I'll call you 'gazelle eyes', though.
But I'm not that pretty.
Here, take a look.
Are you pretty or ugly?
C'mon, there's nothing
to be ashamed of.
Look!
Do you have gazelle eyes
or foal eyes?
You see how beautiful you are?
Which one's a gazelle?
There, that one.
But she has eyes like a bird!
A gazelle's eyes aren't like that.
They're bigger.
Did you make this?
A cell mate of mine was making it
and I gave him a hand.
Yadigar.
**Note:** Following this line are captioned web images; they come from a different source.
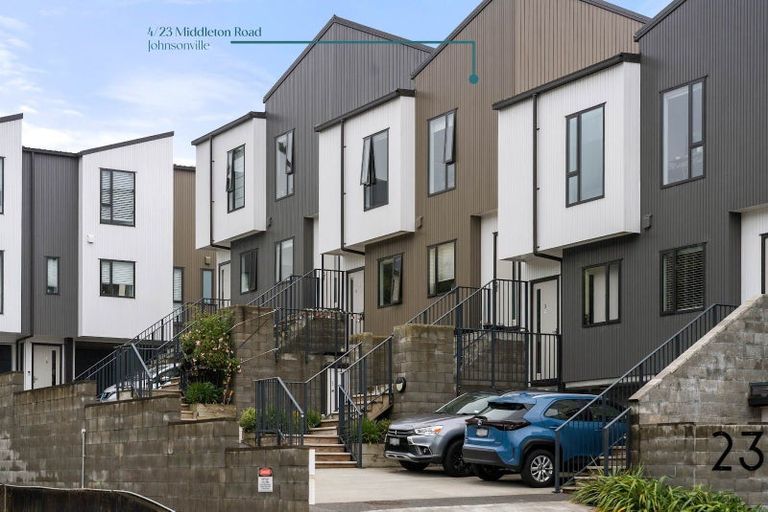 Photo of property in 4/23 Middleton Road, Johnsonville, Wellington, 6037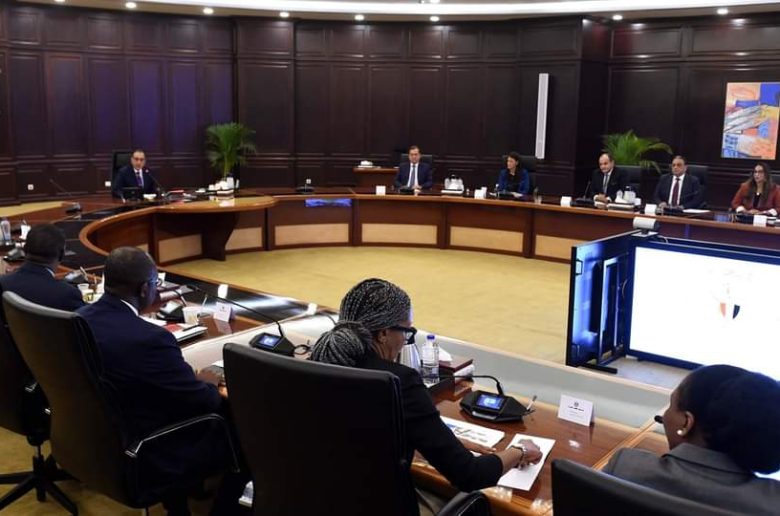 رئيس الوزراء يتابع خطة التعاون مع مؤسسة التمويل الدولية في تنفيذ برنامج الطروحات الحكومية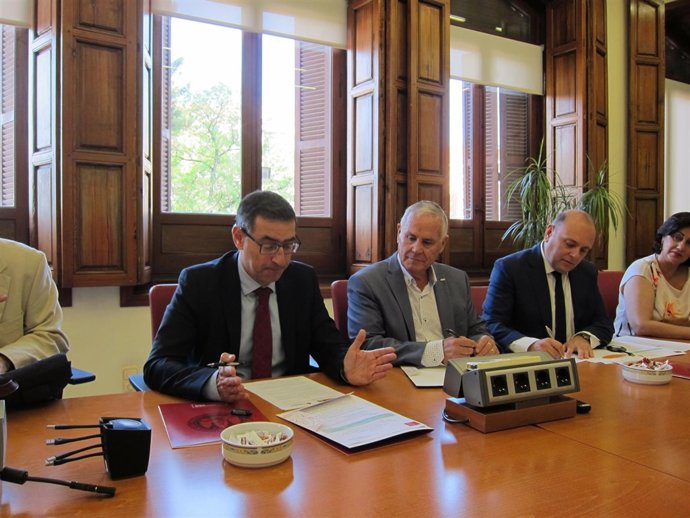 El rector de la UMU, José Luján y Diego González, de Fundown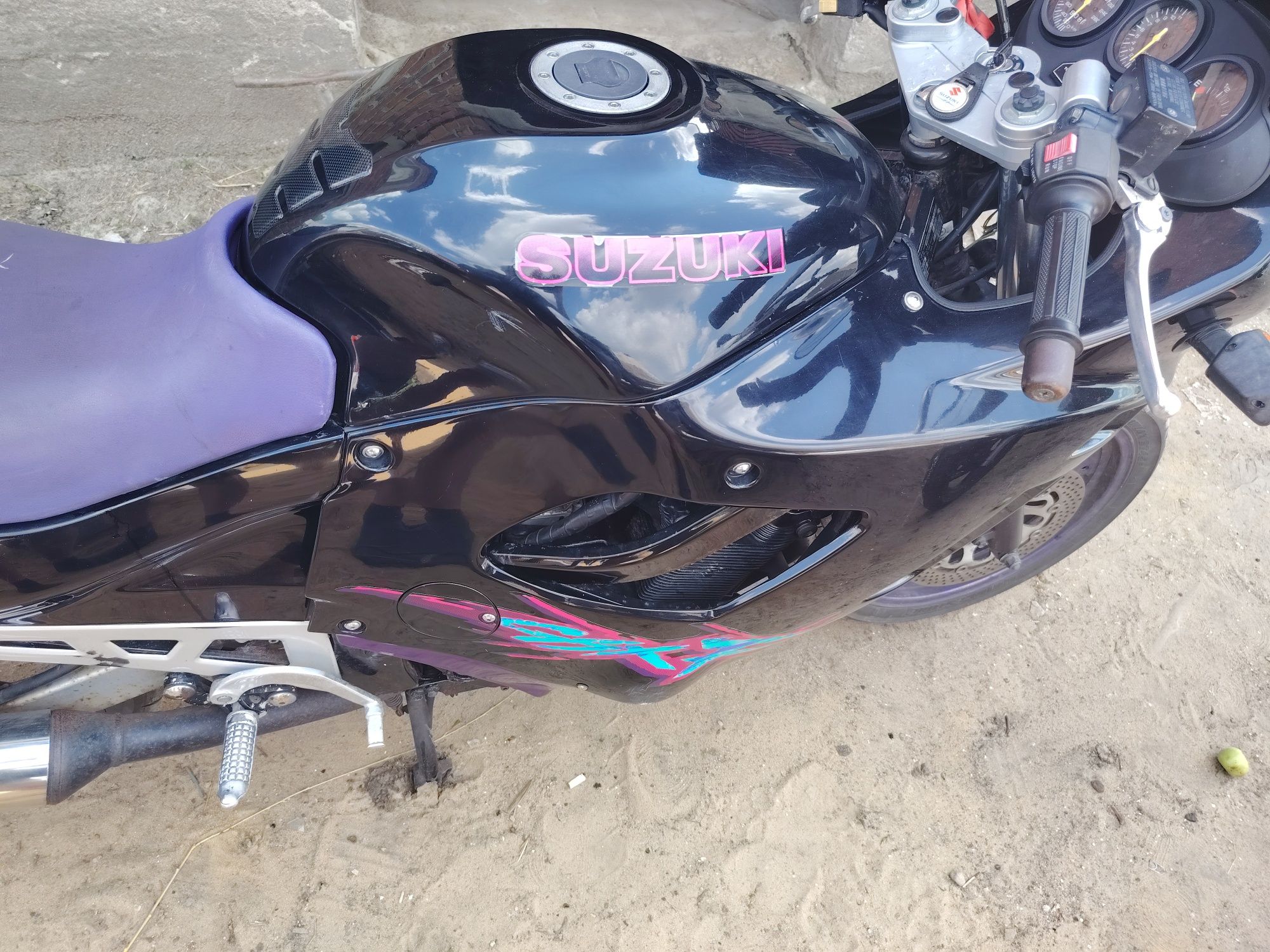 Suzuki gsx-f 600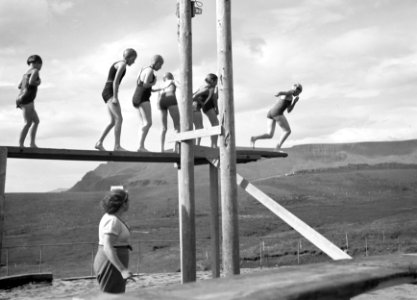 Alafoss Groep jonge meisjes op de duikplank in een openluchtzwembad Beneden ki, Bestanddeelnr 190-0330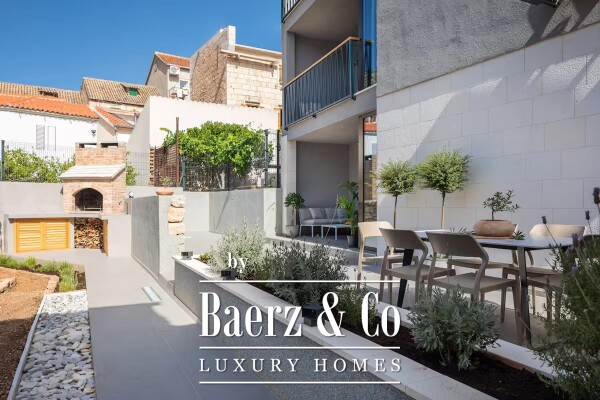 photo 17 Vis, Komiža, newly built house in the center of town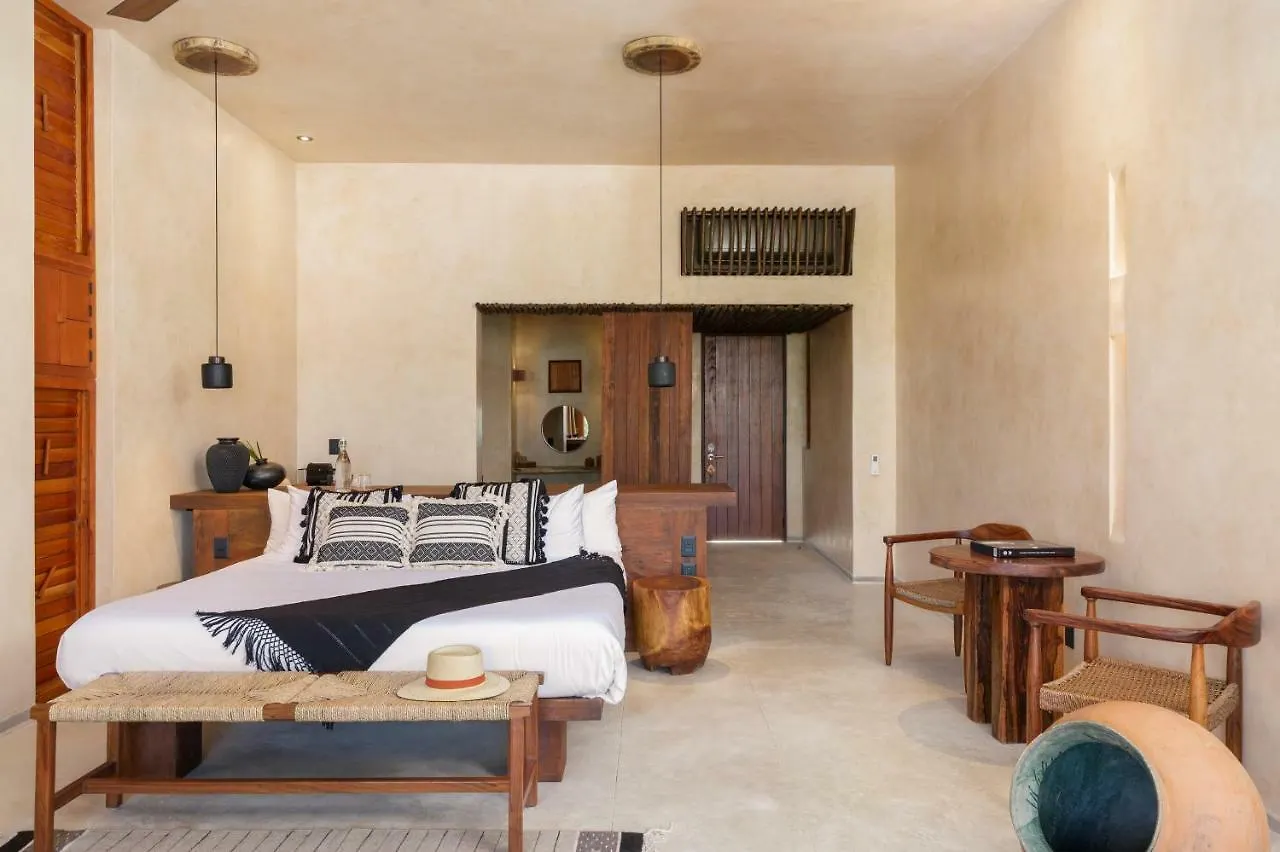 Hotel Ma'Xanab Tulum Pueblo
That was my friend's name.
My name was here too,
but it must have worn off.
What do you think?
Do you like it?
Yes, I do, but...
It's a bit crooked.
And your work's perfect, is it?
That's crooked too.
No chance!
You don't even know how to embroider.
- Do you?
- Of course I do.
- Shall I show you what I've made?
- Go on then.
Well, well, well!
A snow-white trousseau,
a red, red rose...
...a bride pretty as a rose.
So let's see what treasures there are
in our bride's trousseau.
That's a present
from my big brother.
My mum made these.
And these ones too.
My sister-in-law made these.
And my big sister did these ones.
Look, this one I made.
I did the embroidery.
Well!
What nimble fingers my wife has.
It's a bit crooked there, though.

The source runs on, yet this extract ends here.